PlayStation 4 (codename Orbis) technical hardware investigation (news and rumours)

onQ · Mar 29, 2013

Averagejoe said:
Now i am not a tech guy,but GDC is no E3 is not for your average joe gamer,i am sure you know that.

Sony was addressing developers there,so it would be incredible unprovable from sony that they sell developers bullsh** developers will know one way or the other when the final hardware is on their hands,so something got to give about their claims..

Hell i know no GPU out there is 100% efficient or close,what if sony actually make some customization so that they are able to get most out of the GPU out by using a mix of the 2 graphics and compute,to actually maximize the GPU..

For examples let say the 78XX is 70% efficient tops on PC,but on PS4 that same GPU is 95% efficient,what if the whole 25% efficiency comes from using CU to also do compute jobs.?

I don't know if i explain it right my English is not so great.

Hasn't it been said that the PS4 GPGPU has 8 Asynchronous Compute Engines instead of the 2 ACE's that the other AMD GCN cards have?

& with Asynchronous computing code can run on the same thread without having to wait for the other task to finish as long as the tasks are not blocking each other so a graphic code that takes 16ms & a compute code that takes 10ms can run at the same time in the same threads & only take 16ms to complete instead of 26ms.

this is what I'm getting from it could be wrong but that's the way it seem to me after reading about Asynchronous Computing.

so even though it's not going to give you 2X the power for graphics it can still run the graphics task and the compute task at the same time because they just past through each other instead of the slower car holding up traffic.

so you can use the full 1.84TFLOP for graphics & still run physics & other compute tasks on the GPGPU as long as the tasks are not blocking one another.

3dilettante · Mar 29, 2013

onQ said:
& with Asynchronous computing code can run on the same thread without having to wait for the other task to finish as long as the tasks are not blocking each other so a graphic code that takes 16ms & a compute code that takes 10ms can run at the same time in the same threads & only take 16ms to complete instead of 26ms.

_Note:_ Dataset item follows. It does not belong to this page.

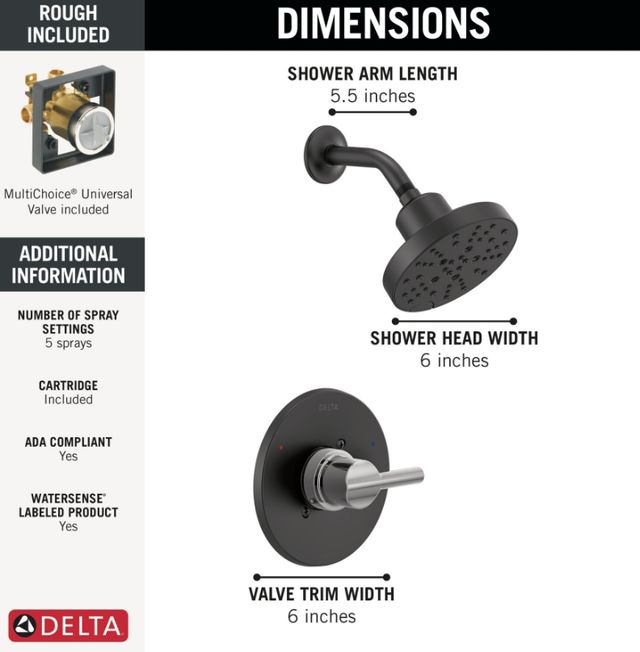 Delta Nicoli® Monitor® 14 Series H2Okinetic® Chrome/Matte Black Shower -2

Aside from running something trivial, it's more realistic to expect that the completion time is between 16 and 26, preferably noticeably lower than 26.

AlphaWolf · Mar 29, 2013

onQ said:
so you can use the full 1.84TFLOP for graphics & still run physics & other compute tasks on the GPGPU as long as the tasks are not blocking one another.

No. 1.84TF is full throughput. 100% efficiency. That's the limit.

3dilettante · Mar 29, 2013

I totally missed that last line.

Yeah, if the graphics workload is using 100% of the compute capability of the GPU, it's going to be very hard for the compute shader to get much work in edge-wise. If the graphics workload never uses less than 100% of the ALU capacity, no other computing can get done.

yewyew · Mar 29, 2013

onQ said:
Hasn't it been said that the PS4 GPGPU has 8 Asynchronous Compute Engines instead of the 2 ACE's that the other AMD GCN cards have?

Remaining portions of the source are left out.